Citations are a nuisance. Making sure you get all the information youneed to cite a source; the format your professor is requiring; making sure you have the right things in order, italicized, and capitalized. All of this can be a headache. Also, if you finally figure out how to do all of this properly; chances are the formats have been updated. Meaning you have to learn the new way of citing information.
My personal experience with citations didn’t really start until I became a college student. My first writing teacher made us all buy a pocket style manual. This shows you the proper way to do citations in MLA, APA, and Chicago. I found this book to be very helpful. I like to use it better than Purdue OWL; which many professors have suggested I use. But, even with this booklet it is frustrating to try and find what kind of source I am using, so I can cite it properly.
Citations are used to give your papers credibility. It is important for people to know where you got your information. For you to make your point there has to be merit behind it to make it believable. So you have to have accurate citations so that people know where you got your information. It also helps if people are interested in you research to be able to read the same material you have.

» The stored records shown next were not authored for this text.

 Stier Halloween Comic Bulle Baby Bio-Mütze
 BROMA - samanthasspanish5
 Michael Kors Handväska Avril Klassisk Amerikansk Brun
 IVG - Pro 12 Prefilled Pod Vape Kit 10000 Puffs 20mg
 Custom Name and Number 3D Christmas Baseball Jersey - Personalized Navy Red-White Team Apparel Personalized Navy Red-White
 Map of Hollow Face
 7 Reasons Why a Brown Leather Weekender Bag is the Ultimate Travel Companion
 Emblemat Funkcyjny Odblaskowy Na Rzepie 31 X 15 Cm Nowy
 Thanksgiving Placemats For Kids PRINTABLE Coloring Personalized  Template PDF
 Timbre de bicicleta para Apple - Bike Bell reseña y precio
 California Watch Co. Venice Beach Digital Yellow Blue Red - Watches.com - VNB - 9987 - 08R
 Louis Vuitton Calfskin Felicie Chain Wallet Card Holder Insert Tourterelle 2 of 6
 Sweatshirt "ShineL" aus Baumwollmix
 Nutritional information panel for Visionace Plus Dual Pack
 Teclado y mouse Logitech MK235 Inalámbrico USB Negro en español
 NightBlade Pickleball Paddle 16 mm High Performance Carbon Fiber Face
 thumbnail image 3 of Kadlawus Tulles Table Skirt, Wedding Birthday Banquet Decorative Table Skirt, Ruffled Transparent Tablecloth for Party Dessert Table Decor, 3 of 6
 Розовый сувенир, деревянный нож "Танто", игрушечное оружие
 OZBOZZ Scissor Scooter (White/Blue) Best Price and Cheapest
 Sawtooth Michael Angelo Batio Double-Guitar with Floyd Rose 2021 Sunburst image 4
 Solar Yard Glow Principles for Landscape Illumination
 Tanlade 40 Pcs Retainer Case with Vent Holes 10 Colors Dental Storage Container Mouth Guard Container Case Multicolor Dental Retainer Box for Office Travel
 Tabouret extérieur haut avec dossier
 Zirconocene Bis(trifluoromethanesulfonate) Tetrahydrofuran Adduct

I believe that we should make citing easier. I still don’t understand why there has to be different kind of styles (i.e. MLA, APA, Chicago). In our reading for this week they talk about using hyperlinks. Plugging in the URL’s right into the papers. This would eliminate the headache on the part of citing properly. But, I think that there could be a couple problems. One it would be an eye soar in the middle of a research paper. To put an URL after a sentence would be breaking up a flow of a paper. Some URL’s are very long. The other problem they talk about in the blog; sometimes links are changed or removed. So the links would go to a dead end. You wouldn’t be able to find the source you used. That can be frustrating. I do believe we need to change the current way of citing. I don’t know exactly how though.